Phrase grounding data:
※ ※ ※

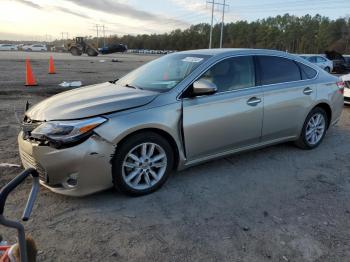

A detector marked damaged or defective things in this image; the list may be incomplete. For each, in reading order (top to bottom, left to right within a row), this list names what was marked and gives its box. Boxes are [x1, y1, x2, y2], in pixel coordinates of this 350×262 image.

exposed wheel well [314, 102, 332, 128]
cracked bumper piece [18, 133, 115, 196]
damaged front bumper [18, 133, 115, 196]
exposed wheel well [116, 128, 180, 169]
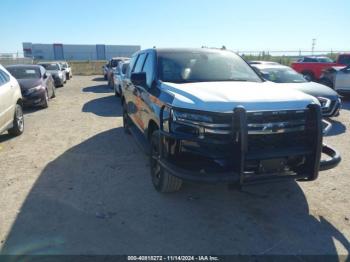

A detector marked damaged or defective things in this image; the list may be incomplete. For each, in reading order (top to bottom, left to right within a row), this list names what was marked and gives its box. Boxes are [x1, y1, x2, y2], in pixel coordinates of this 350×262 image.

damaged vehicle [121, 48, 340, 192]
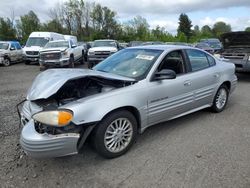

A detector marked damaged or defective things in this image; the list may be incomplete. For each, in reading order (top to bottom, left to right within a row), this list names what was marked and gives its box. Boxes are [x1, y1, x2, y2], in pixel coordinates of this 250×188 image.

exposed headlight [32, 109, 73, 127]
dented hood [26, 68, 135, 100]
damaged silver car [18, 45, 237, 159]
broken front bumper [20, 119, 79, 158]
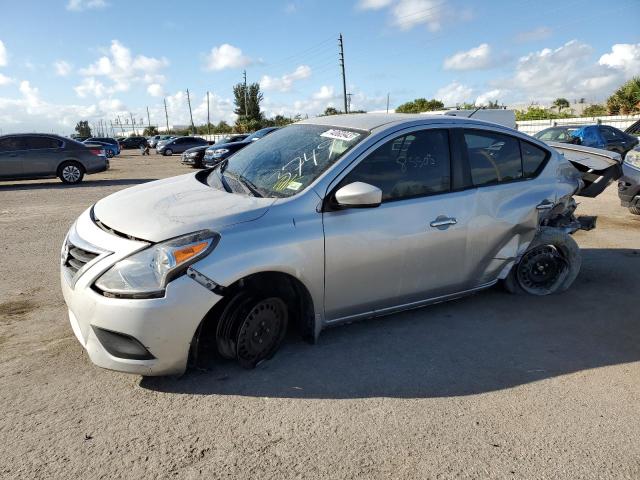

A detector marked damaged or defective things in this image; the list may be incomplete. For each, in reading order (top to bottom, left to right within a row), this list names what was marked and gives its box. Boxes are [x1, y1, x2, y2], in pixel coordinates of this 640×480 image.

damaged sedan [58, 114, 620, 376]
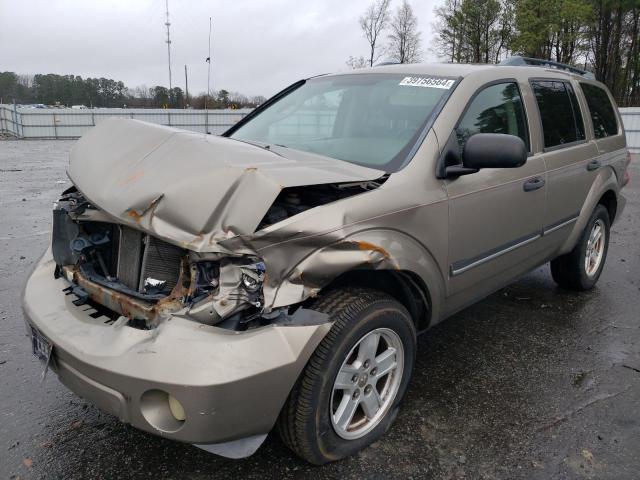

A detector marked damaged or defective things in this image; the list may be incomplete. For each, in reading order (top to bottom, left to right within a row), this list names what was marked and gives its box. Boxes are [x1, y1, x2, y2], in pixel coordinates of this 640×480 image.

bent hood [69, 119, 384, 251]
cracked bumper [21, 251, 330, 446]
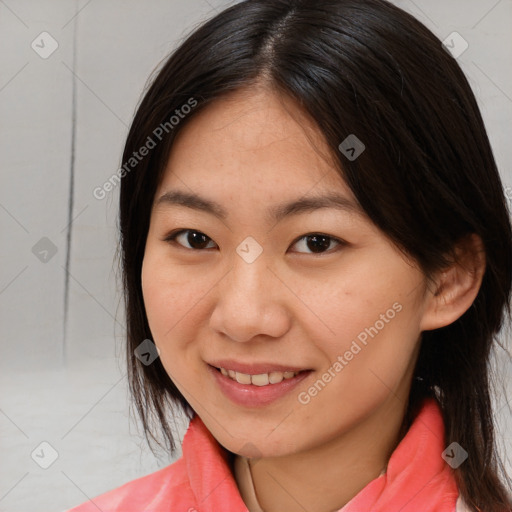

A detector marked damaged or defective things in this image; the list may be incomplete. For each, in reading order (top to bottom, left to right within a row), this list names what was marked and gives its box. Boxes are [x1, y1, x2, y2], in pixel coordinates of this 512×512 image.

vertical crack on wall [63, 2, 79, 366]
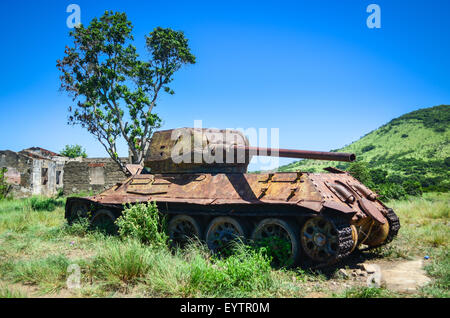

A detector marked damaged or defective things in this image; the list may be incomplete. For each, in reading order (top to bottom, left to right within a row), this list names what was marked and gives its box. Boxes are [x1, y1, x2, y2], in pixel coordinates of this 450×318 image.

rusty tank [65, 128, 400, 264]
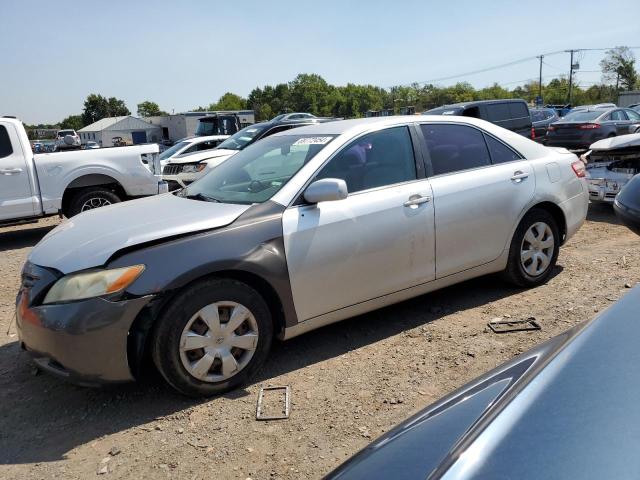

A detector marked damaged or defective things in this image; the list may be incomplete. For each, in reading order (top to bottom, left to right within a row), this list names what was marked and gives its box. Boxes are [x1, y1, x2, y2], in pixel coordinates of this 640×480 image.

wrecked car [584, 132, 640, 203]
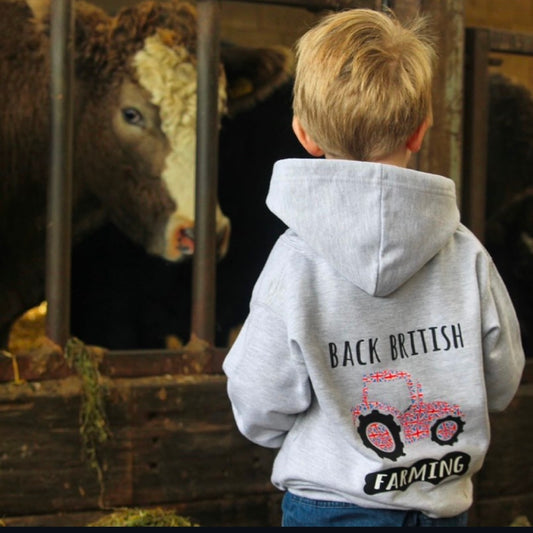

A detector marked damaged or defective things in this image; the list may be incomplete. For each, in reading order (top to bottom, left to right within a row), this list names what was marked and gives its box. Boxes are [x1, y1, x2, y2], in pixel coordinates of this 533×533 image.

※ ※ ※

Your goal >> Reproduce nothing but the lines running from the line with "this 450×318 image." through the end of the records, keeping both end lines and dropping the pictures.

Result >>
A detector marked damaged or defective things in this image; the list may be incomplete. For each, in reading order (top to bottom, left to right within a row), this list names what was marked and gives its box. Boxes are [x1, y1, x2, y2], in pixel coordinates of this 450×318 image.

rusty tank [65, 128, 400, 264]

A detector marked damaged or defective things in this image; the list may be incomplete. For each, in reading order (top to bottom, left to right within a row), this list names what was marked and gives its box. Boxes are [x1, y1, x2, y2], in pixel coordinates of this 640×480 image.

wrecked car [584, 132, 640, 203]

A detector marked damaged or defective things in this image; the list may be incomplete. For each, in reading order (top to bottom, left to right within a row), this list names what was marked and gives its box. Boxes are [x1, y1, x2, y2], in pixel coordinates of this 533×533 image.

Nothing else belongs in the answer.